Esther was regarding her with that shrewdly knowing look that reminded her of Irene. Perhaps the one anomaly the Warehouse couldn't absorb was the presence of two Mrs. Frederics. "I've finally got things where I like 'em here. Took me awhile, but I'm content where I am. Appreciate the offer though."
She was silent long enough that Helena thought Esther might simply be waiting for her to leave, but as she was wondering how best to acknowledge the debt she owed Esther, made all the more impossible to repay since the woman had risked her own life to save hers, Esther said musingly, "Hard to believe Gene stumbled onto something that could shut down a whole town." The tone was casual, but the eyes bore into Helena's. "Always kind of a sad sack, you know? Worked as a sheriff's deputy a month or two, but they had to let him go. Lost his gun trying to break up a bar fight, shot himself in the foot, literally I'm telling you, another time. He kinda went from job to job, nice enough but if there was a banana peel somewhere, he'd be the one slipping on it. That's why his running for sheriff year after year became such a joke. Even outside the county people made jokes about it. One year a station in Oklahoma City sent a reporter up here to cover the election. They interviewed him at his 'headquarters,' which was the diner in Boise City, and tried to hunt up a few supporters. They were making fun of him, but he didn't seem to notice."

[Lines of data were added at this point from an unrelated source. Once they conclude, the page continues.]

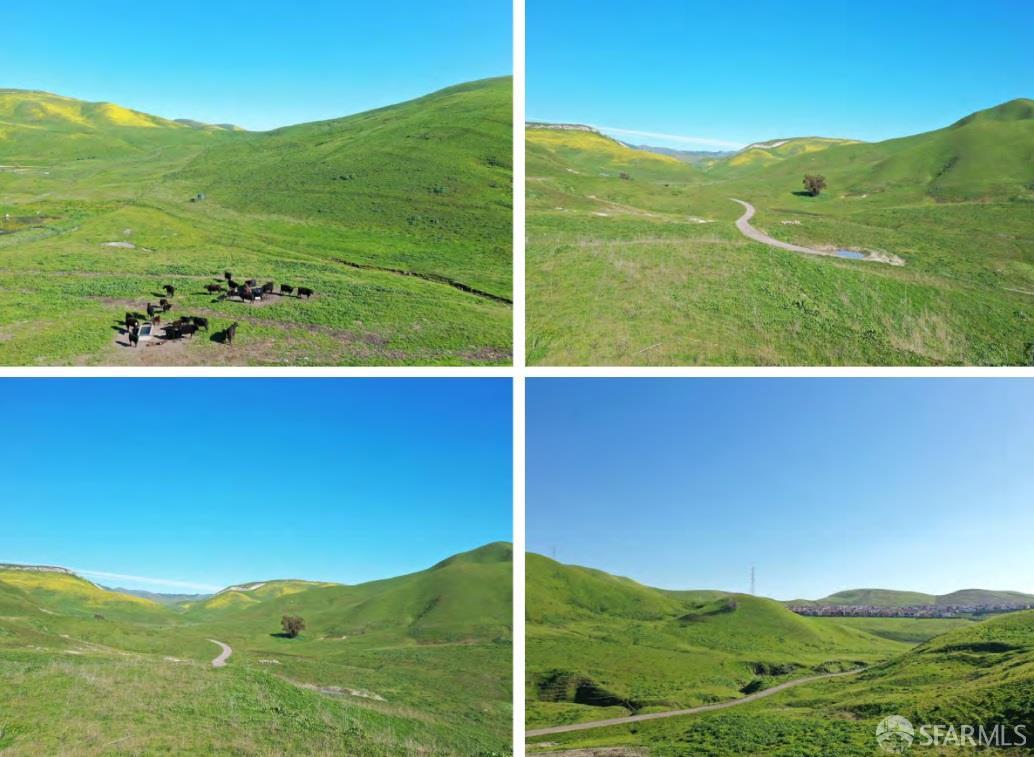 Detail Gallery Image 3 of 11 For 6401 Camino Tassajara, San Ramon,  CA 94583 - – Beds | – Baths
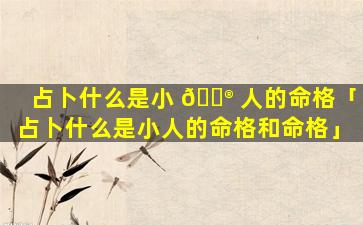 占卜什么是小 💮 人的命格「占卜什么是小人的命格和命格」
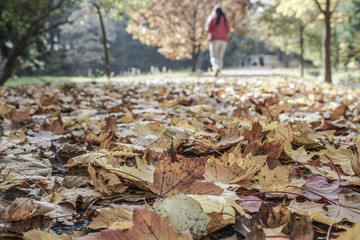 woman walking at park in autumn
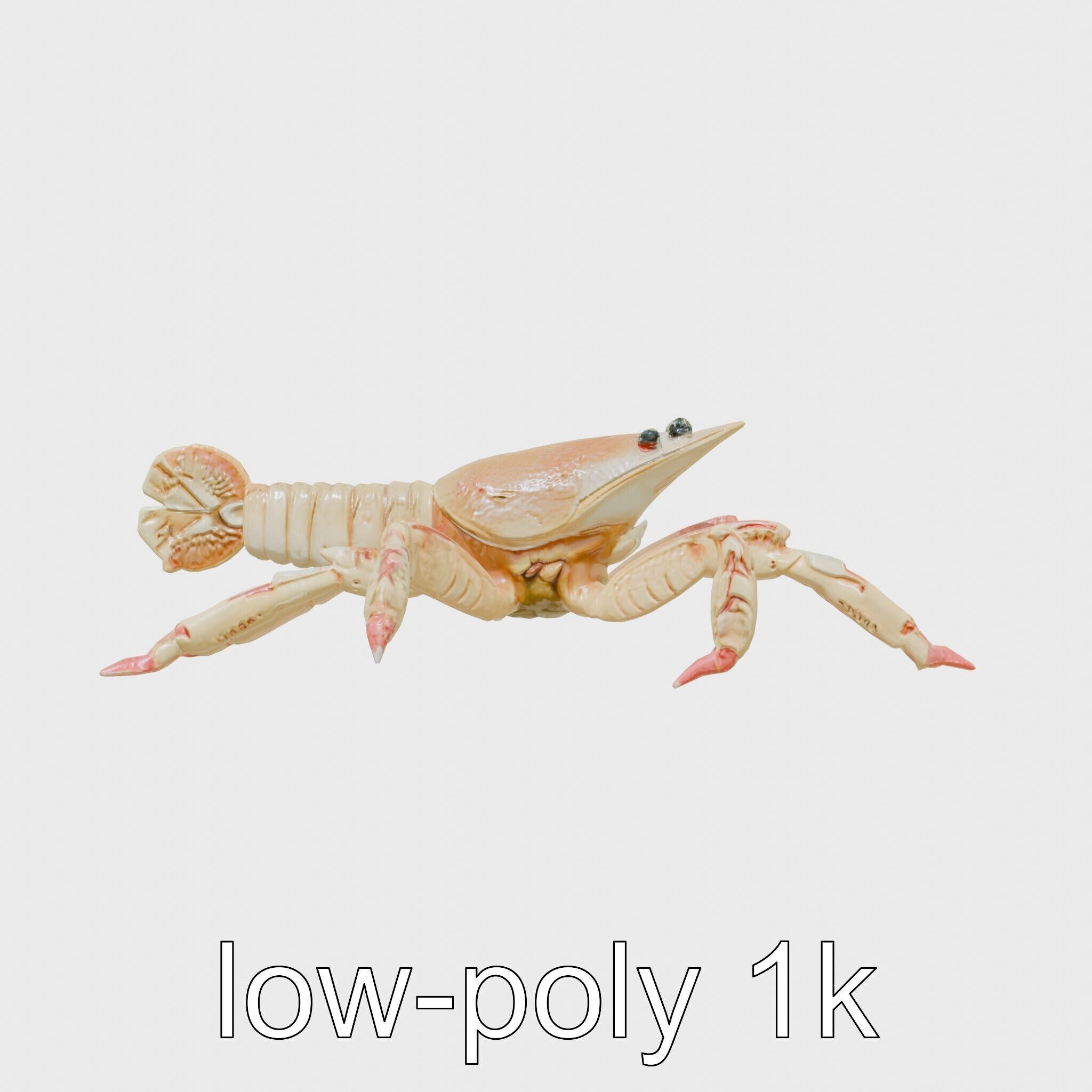 Arrow Crab Detailed 3D Model with Elongated Body and Pointed ... Low-poly 3D model_29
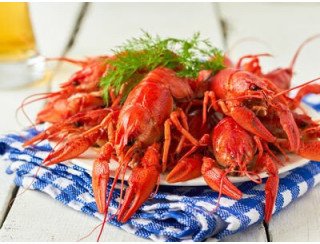 Раки Rakovichkof лого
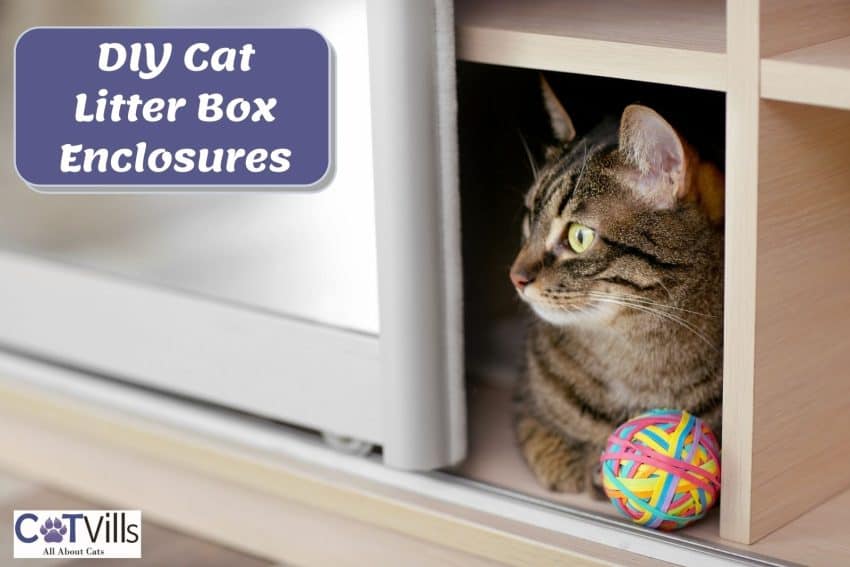 kitty playing inside the DIY Cat Litter Box Enclosures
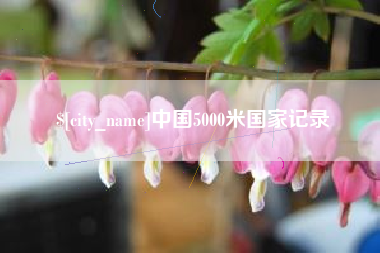 垦利中国5000米国家记录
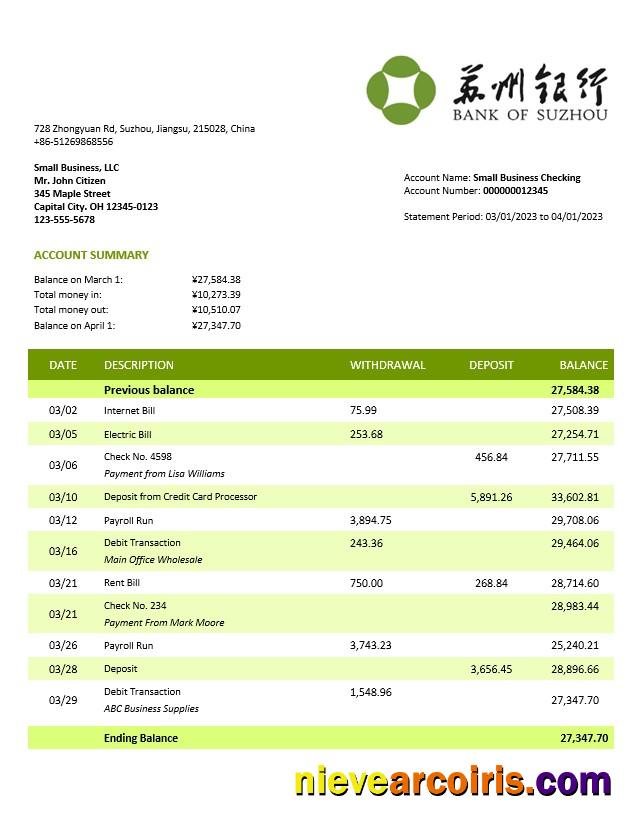 Professional Bank Of Suzhou Firm Account Statement Word And PDF Template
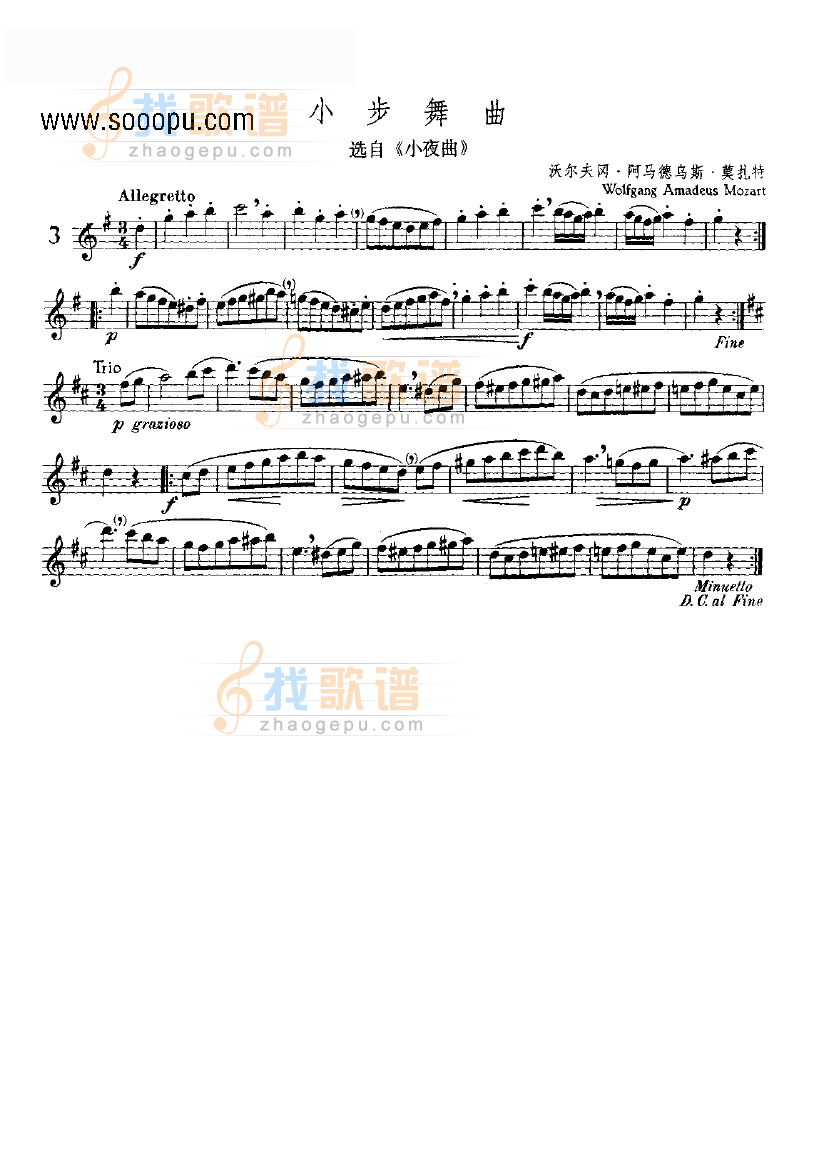 小步舞曲—独奏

"Sounds like he's someone people could take advantage of," Helena said, making an equal show of idle speculation. How did someone who couldn't hold down a job and lived in his parents' home afford a replicated artefact? How would he have found out about them? Or, to rephrase the question, how did he come to the attention of those behind the replicated artefacts? She turned her head, from left to right, as if leisurely taking in a panoramic view of Esther's driveway, the SUV, the road, and, beyond, the unending sweep of pasture and tilled fields. There was nothing to suggest that the four of them - and the beagle - weren't the only inhabitants for as far as she could see. As desolate as the moon but lacking the moon's star quality. People wanted to go to the moon, no one wanted to go to the panhandle. Hard to find a better place to test an artefact, especially one that was paired with something special, an accelerator or amplifier. If the experiment went poorly, the collateral damage would be minimal, relatively speaking. All you needed was just the right trigger, one that could be absorbed by the reaction without anyone noticing or, more accurately, caring.
"You need to go now," Esther said, giving her a gentle push. "Your mind's getting busy, and it's been a tiring day for me." She opened the screen door but didn't immediately go in. "If you and the other agent make it down this way again, look me up. I like her, and she settles your mind some. Makes you tolerable."
Esther's grin was wide and teasing, but Helena answered her more seriously than the jab merited. "Yes, she does."
"Then hang onto her." The door banged shut, and Helena caught a glimpse of Esther's white braid swinging behind her before she lost sight of that, too.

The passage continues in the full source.